**Listed entries**
>>

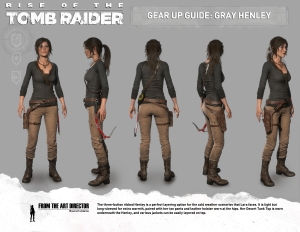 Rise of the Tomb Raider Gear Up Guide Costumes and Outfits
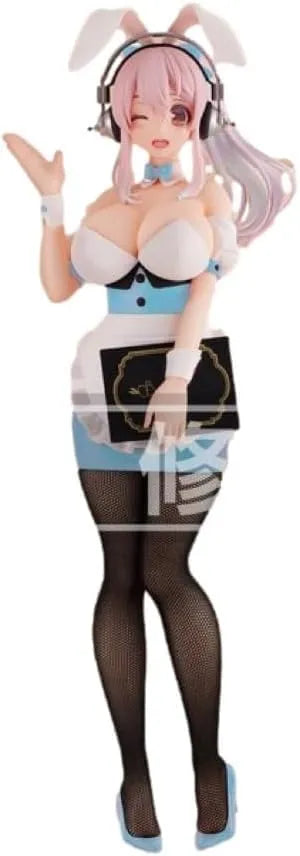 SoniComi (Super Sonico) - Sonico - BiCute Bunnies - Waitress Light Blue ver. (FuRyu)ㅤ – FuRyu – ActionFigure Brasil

<<
>>

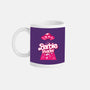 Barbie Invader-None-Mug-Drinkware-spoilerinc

<<

**Brief**
In the listing above, find the line with "Rise of the" and output it and every line after it up to and including the line with "SoniComi (Super Sonico)", exactly, minus the pictures.

**Output**
 Rise of the Tomb Raider Gear Up Guide Costumes and Outfits
 SoniComi (Super Sonico) - Sonico - BiCute Bunnies - Waitress Light Blue ver. (FuRyu)ㅤ – FuRyu – ActionFigure Brasil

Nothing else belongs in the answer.